Of particular interest for PCE gains, the guest component can also broaden the spectrum of light that can be absorbed. By selecting a guest material that absorbs light in a range not covered by the donor or acceptor, the overall sunlight absorption of the cell can be increased. Meanwhile, the blend film morphology, where exciton dissociation, charge generation and transport proceed, can be well tuned.
Given the many different functions that the guest component can play, its specific location within the solar cell "sandwich" or matrix can radically alter performance. "Depending on its placement, the guest component can either transfer energy lightning-fast or help capture more sunlight," said Li Yonghai, co-author of the study.

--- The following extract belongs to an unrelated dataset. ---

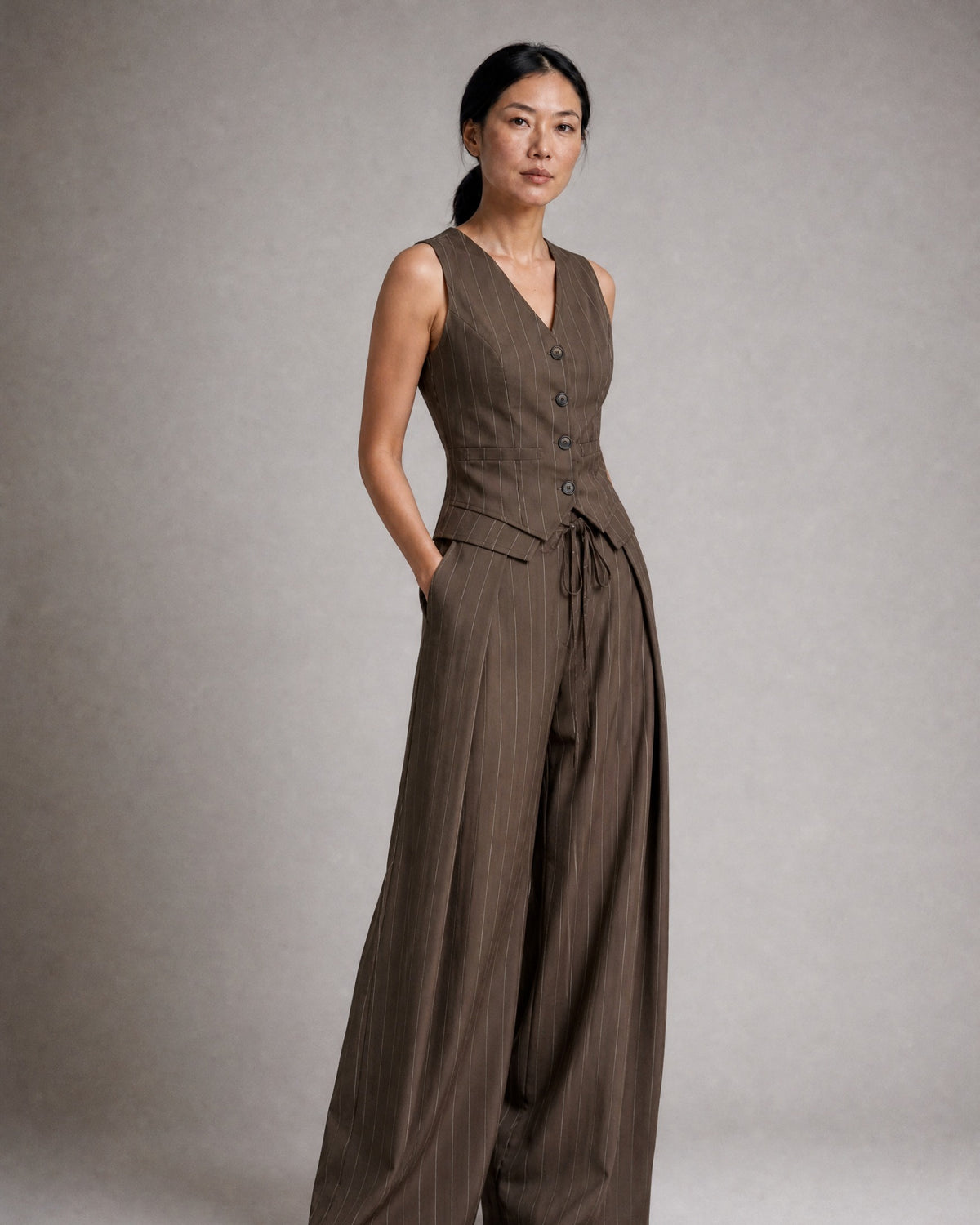 Women's Pinstripe Waistcoat and Wide-Leg Trouser Set worn, three-quarter view | Belmorne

There are three different location possibilities: embedded in the donor material, embedded in the acceptor material, or dispersed in some way between the interface of donor and acceptor, forming blended, alloy-like structures (aggregations). But until now, very little attention has been paid to playing around with guest component location.
In their study, the researchers used a guest component called LA1 (which differs from other guest component materials with respect to their crystallinity) in the TOSC. LA1 is a small molecule acceptor that the researchers modified with phenylalkyl side chains—a functional group (collections of atoms within molecules that have their own set of properties) that is commonly used in the design of organic materials for use in photovoltaic devices. The LA1 was modified with the phenylalkyl side chain to improve its crystallinity and alignment while maintains satisfactory compatibility, in turn enhancing its performance in the TOSC.
In addition, the researchers regulated the distribution of their guest component by playing around with various conditions that govern interaction with the host components, including host/guest compatibility, surface energy, crystalline kinetics, and intermolecular interactions. By doing so, they found alloy-like aggregations within most of the guest molecules, which also permeated and dispersed into the host molecules.
Impressively, the crystalline size of these embedded host/guest "alloys" can be easily fine-tuned for improved electric charge transport and suppressed charge recombination. As a result, the researchers were initially able to achieve PCE gains of over 15%, and then by combining their guest component with the Y6 family of acceptors as host component, they achieved still greater efficiency gains of over 19%.
The researchers feel they have achieved considerable experimental success, but the driving forces of these gains remains less well understood theoretically. Moving forward, the researchers hope to better clarify these underlying mechanisms.